グッバイ・メロディー


「季沙ーっ」


駅前の時計台の下はいつも待ち合わせの人であふれていて、すぐに合致するのはなかなか至難のわざなのだけど、彼女とならそんな心配はまったくいらない。


「みちるちゃんっ、だから、声大きいってば!」

「だってこーでもしないと時間食うじゃない?」


小さな顔の真ん中で存在感を放っている、猫に似た大きな目が、いたずらっぽくきゅっと細くなった。

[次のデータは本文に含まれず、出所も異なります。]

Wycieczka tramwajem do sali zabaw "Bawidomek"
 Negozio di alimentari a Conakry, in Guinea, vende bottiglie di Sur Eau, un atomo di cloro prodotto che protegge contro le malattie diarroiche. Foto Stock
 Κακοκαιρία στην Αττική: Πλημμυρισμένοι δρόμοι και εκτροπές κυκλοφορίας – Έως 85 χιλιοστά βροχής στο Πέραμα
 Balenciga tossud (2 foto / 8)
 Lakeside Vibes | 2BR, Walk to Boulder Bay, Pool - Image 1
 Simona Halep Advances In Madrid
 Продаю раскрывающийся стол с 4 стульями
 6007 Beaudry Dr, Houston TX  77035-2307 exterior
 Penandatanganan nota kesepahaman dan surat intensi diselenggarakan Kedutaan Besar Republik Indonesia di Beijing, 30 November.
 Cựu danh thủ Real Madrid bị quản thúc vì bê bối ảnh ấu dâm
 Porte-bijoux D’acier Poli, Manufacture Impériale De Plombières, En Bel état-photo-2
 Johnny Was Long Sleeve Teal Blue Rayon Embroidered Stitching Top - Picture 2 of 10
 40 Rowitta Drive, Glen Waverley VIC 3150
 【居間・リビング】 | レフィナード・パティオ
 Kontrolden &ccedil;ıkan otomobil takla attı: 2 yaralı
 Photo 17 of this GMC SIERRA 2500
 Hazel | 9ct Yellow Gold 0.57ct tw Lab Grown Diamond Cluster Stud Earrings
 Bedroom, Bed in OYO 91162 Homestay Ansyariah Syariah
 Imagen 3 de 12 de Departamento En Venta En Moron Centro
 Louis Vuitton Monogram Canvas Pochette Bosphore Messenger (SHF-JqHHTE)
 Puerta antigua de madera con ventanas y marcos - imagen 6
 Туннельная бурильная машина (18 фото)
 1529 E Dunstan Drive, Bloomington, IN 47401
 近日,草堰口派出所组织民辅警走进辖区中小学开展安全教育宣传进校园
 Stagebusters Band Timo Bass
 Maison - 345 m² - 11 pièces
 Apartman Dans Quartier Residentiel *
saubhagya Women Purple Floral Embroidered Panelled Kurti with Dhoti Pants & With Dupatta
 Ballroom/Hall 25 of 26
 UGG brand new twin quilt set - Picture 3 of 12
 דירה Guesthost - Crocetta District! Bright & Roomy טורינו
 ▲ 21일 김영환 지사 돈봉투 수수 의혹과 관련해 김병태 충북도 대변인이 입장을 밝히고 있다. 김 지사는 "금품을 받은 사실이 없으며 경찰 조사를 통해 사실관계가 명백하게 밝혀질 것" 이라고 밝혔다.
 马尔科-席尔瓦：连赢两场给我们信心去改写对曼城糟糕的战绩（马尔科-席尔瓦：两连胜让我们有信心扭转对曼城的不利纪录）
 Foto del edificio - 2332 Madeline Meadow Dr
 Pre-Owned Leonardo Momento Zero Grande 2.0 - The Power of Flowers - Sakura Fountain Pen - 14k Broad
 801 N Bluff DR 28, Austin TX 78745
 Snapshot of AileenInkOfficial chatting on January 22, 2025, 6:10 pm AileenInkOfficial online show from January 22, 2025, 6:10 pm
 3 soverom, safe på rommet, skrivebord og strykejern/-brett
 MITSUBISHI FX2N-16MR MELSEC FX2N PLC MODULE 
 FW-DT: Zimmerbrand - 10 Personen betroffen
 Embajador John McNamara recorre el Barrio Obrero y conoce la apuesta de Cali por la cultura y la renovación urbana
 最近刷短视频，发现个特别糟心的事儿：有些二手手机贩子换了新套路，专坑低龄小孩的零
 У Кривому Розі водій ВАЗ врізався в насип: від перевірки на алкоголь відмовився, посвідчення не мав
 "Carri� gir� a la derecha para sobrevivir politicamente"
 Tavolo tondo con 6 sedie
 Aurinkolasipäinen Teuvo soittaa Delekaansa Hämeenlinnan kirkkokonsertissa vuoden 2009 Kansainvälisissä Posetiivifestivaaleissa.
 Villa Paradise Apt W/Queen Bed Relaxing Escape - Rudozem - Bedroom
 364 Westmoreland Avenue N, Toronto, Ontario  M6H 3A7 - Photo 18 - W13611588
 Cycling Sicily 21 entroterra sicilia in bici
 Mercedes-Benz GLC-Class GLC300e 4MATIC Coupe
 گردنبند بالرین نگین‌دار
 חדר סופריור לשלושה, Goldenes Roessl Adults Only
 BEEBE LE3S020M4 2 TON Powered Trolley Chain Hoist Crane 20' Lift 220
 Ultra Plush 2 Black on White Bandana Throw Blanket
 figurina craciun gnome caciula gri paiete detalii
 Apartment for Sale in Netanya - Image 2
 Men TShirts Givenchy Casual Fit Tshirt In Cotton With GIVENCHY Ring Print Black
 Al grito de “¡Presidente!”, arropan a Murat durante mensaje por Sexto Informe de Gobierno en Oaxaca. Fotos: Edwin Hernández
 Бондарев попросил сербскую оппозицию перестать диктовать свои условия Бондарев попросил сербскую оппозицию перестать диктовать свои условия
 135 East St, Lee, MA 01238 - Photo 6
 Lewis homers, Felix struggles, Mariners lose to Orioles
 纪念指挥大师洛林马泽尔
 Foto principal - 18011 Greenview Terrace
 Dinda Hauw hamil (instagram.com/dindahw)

「モタモタしてるうちにかわいい季沙が変な男にナンパされたらどーすんの!」


指輪だらけの手が伸びてきて、左右から両頬をむぎゅっと挟まれる。
指先のスパンコールが視界の端でチカチカまたたいた。


「そんなことがあろうもんなら、あたしが洸介くんに怒られるんだよ?」

「なんでこうちゃんなの」


ほっぺたをしっかりホールドされているせいでぜんぜんうまくしゃべれない。


「ライブの日はどうしても自分はいっしょにいられないからって。季沙のこと、あたしが頼まれてんの」


ホントなのかウソなのかよくわからない口調で軽快にしゃべると、細い体にはあまりにブカブカのブルゾンを揺らし、赤いくちびるが「じゃあ行こう」と笑った。